The differences in prediction of the OPWC-PLS and MW-PLS methods for GLB illustrate that MW-PLS can achieve higher prediction accuracy, but it is time-consuming and employs more wavelengths, while OPWC-PLS can achieve similar prediction results with MW-PLS in less time. In addition, MW-PLS, as a continuous wavelength screening method, is more suitable for determining the object with relatively concentrated molecular absorption bands; while OPWC-PLS, as a discrete wavelength screening method, may be more suitable for determining the object with relatively fragmented molecular absorption bands.

Conclusion

The change of GLB content in human serum has important reference value for clinical trial and disease diagnosis. In this study, the OPWC-PLS method was employed for rapid analysis of GLB based on NIR spectroscopy. MW-PLS and MC-UVE-PLS methods were also employed for comparison. The results indicate that, OPWC-PLS and MW-PLS methods achieved satisfactory prediction results, while the MC-UVE-PLS method was not suitable for the data set of this study, and the prediction effect of the model is not significantly improved. The optimal OPWC-PLS model adopted 28 wavelengths, and corresponding SECV and RP,CV were 0.813 g L−1 and 0.978, respectively. The optimal MW-PLS model adopted 159 wavelengths, and corresponding SECV and RP,CV were 0.804 g L−1 and 0.979, respectively. The OPWC-PLS achieved almost the same prediction effect as MW-PLS with faster speed and fewer wavelengths. Therefore, OPWC is an efficient approach for information wavelength selection.

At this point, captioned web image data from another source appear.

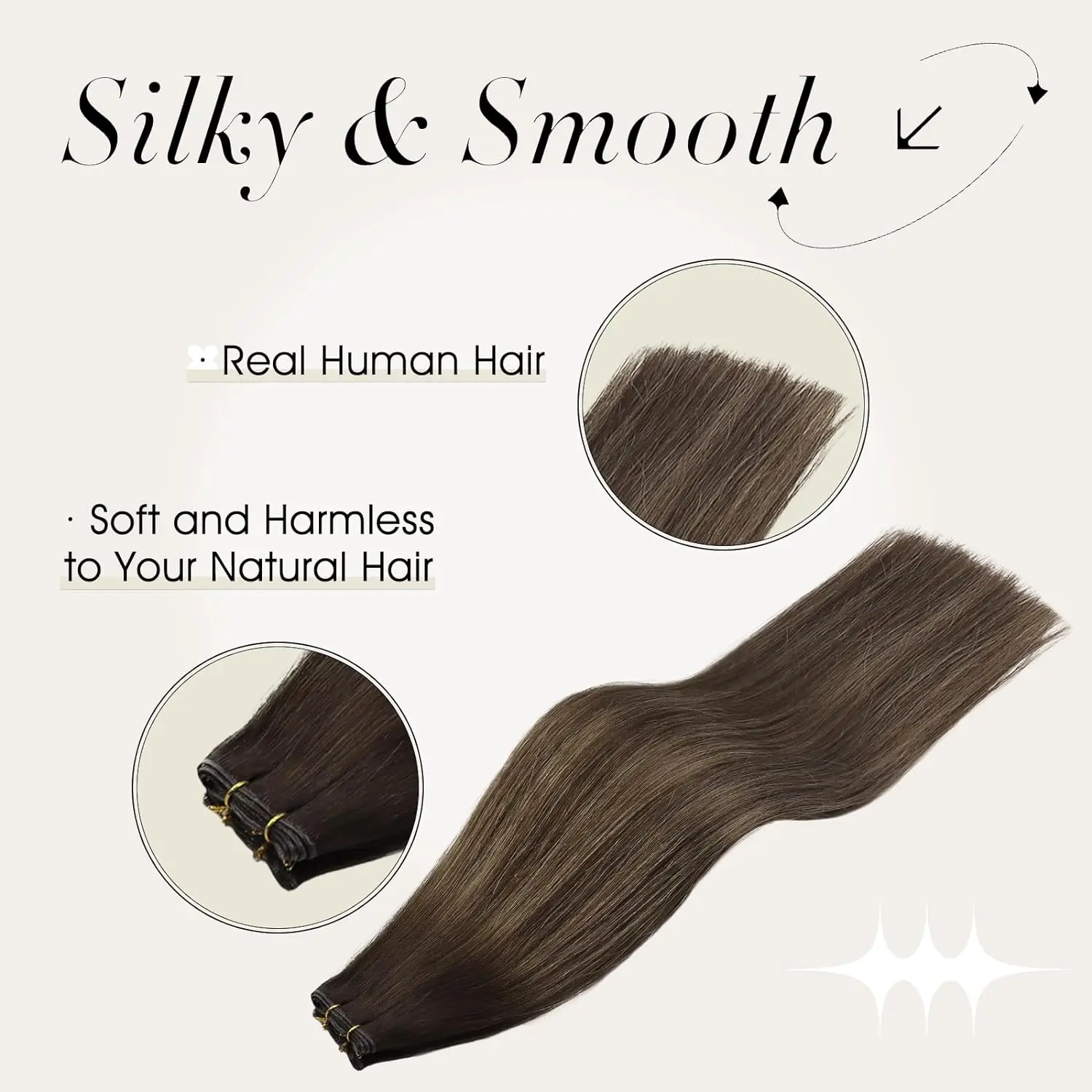 [NEW] Full Shine Genius Weft Hair Extensions 100% Remy Human Hair for Women Natural Invisble Hair Extensions Human Hair Bundles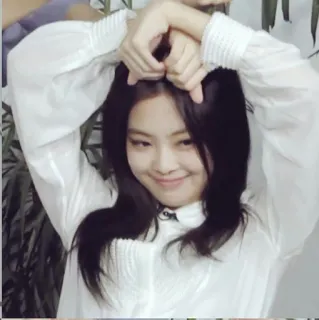 🥟 mulher, retrato, coreano, sorriso, coração, gesto de mão whatsapp sticker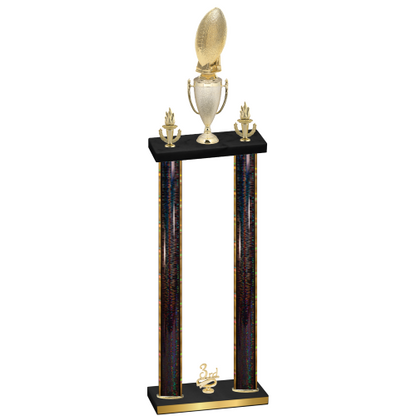 Double Black Glacier Third Place Football Trophy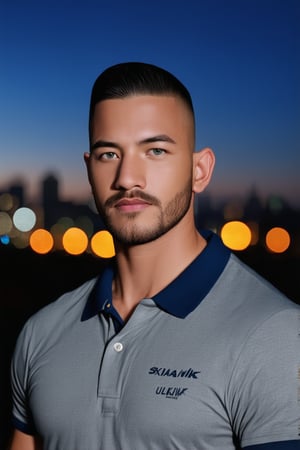 Syahnk stands confidently in front of a cityscape at dusk, the night sky ablaze with twinkling lights. A sleek, undercut hairstyle and facial hair accentuate his chiseled features, while piercing green eyes seem to sparkle in the soft, evening glow. He wears a crisp polo shirt, his muscular physique evident beneath the fabric. The background, blurred into a beautiful bokeh, provides a stunning contrast to Syahnk's sharp, high-definition features. A UHD masterpiece, this photograph exudes perfection, with a matte finish that adds depth and dimensionality.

The predicted GLB values obtained by MW-PLS and OPWC-PLS were highly correlated with the reference values. Compared with traditional method, the method based on NIR spectroscopy has the merits of rapidity, simplicity and no chemical reagent. Therefore, the results have important reference value for the rapid determination of GLB. In addition, the wavelengths selected by the two methods are partially the same, reflecting the commonness and difference of different methods.